But there’s an outside. Beyond their lives, none of us has yet ventured. But we know it’s there, if “there” is the right word to describe it. It’s at least “there” relative to us.

We tell each other stories about light and darkness beyond. Some of us know, justifiably or not, rightly or wrongly, that some of our stories are true. Some of us hope so. Some of us fear so.

Eventually, we each become part of the shelter. Our grandparents long departed, our parents reach their limits. And we take their place.

This is just how it works. It doesn’t require any compassion or courage. It just happens. We become the shelter at the limits of humanity.

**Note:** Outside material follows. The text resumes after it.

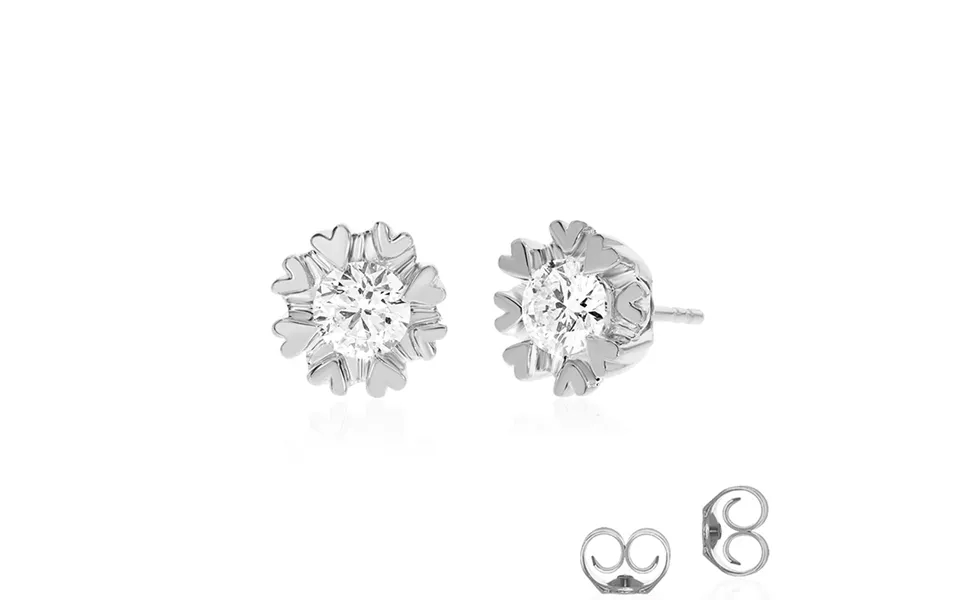 Certified Heart Prong Lab Diamond Stud Earrings 14k White Gold 3 4 Ct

And we can no longer look to those who are living beyond us. At most, we can look to others who are living or have lived to those limits with us. At most, we can look to stories about what has or will become of such as ourselves.

And when that happens, we know how it feels to be the shelter of humanity. We know how it feels on the edge of whatever light and darkness may be beyond. At least we know something of how it feels. The shelter extends far beyond any one of us.

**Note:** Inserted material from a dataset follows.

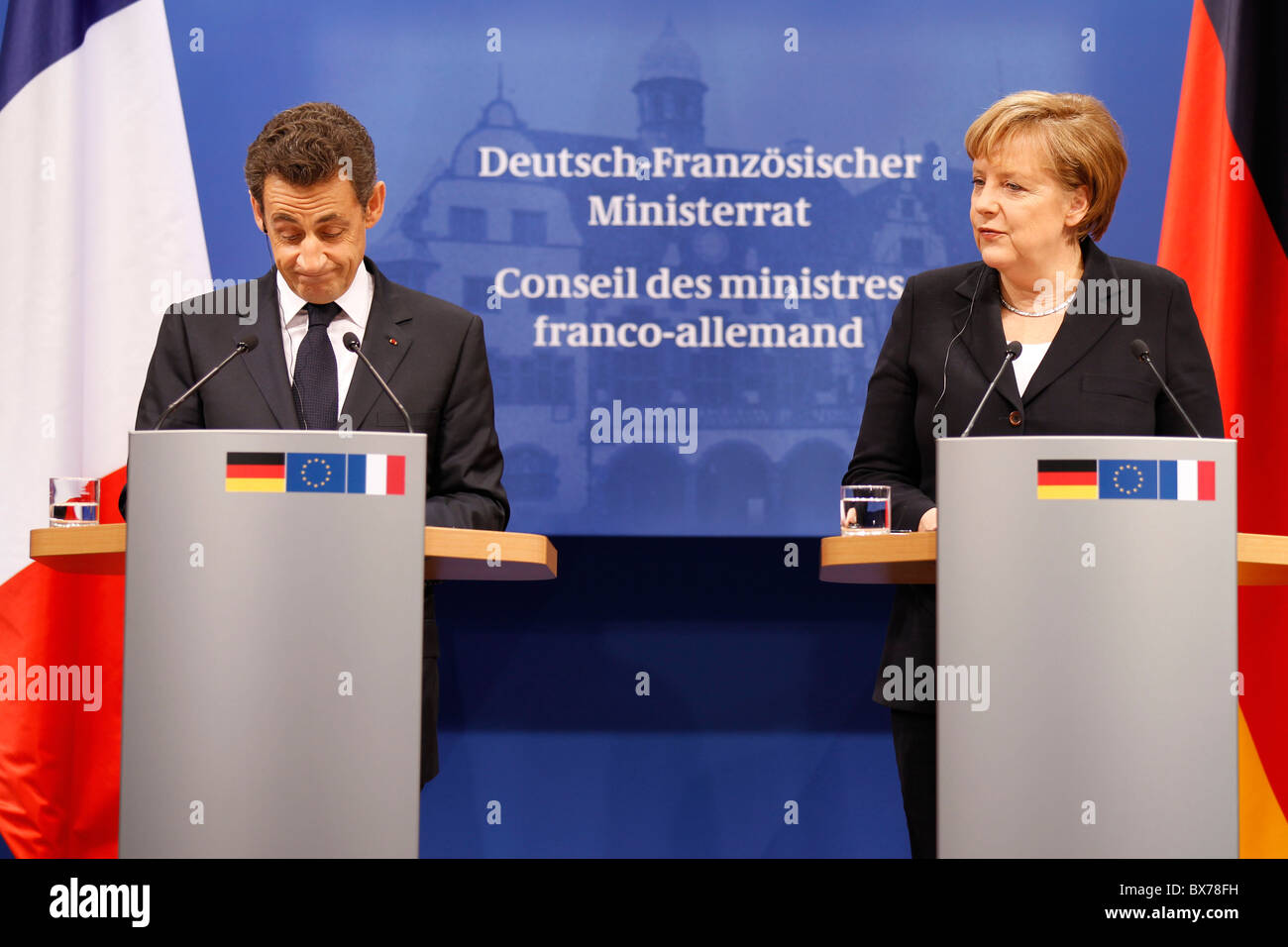 German Chancellor Angela Merkel and French President Nicolas Sarkozy in Freiburg on Friday, 10.12.2010 Stock Photo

But, still, although we’re not alone, and although we have our stories, we become the shelter. We become the limit. We become the border between the familiar and the unfamiliar.

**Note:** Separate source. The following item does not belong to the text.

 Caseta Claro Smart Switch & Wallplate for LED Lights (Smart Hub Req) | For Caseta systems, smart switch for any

And I think we should recognize in this a duty. Maybe it’s too hard. And maybe we will too often fail of necessity, succumbing to powers greater than ourselves. But duty doesn’t depend on ease or likelihood or even reasonable possibility.

It’s even hard to articulate exactly what the duty is. But it’s a relational one. It’s a sober one. But it’s probably not the kind of sobriety that would exclude full-souled laughter.

Maybe it’s enough to say that the duty is to respect what we’ve become in relation. Surely that’s true of all of us, young and old, first and last. But the young and the first cannot know it. Neither can all of the old and the last.

But some of us can. And that’s where, perhaps, the duty is most clear. When we’re there, and we know it, then we have the duty to respect what we’ve become in relation. When we know that we’ve become part of the shelter from human limits, we have the duty of representing it – of being it – with intention.

Stand while you can. Love what you shelter. Look far out there. Carefully and courageously, truthfully and hopefully, cultivate the best stories.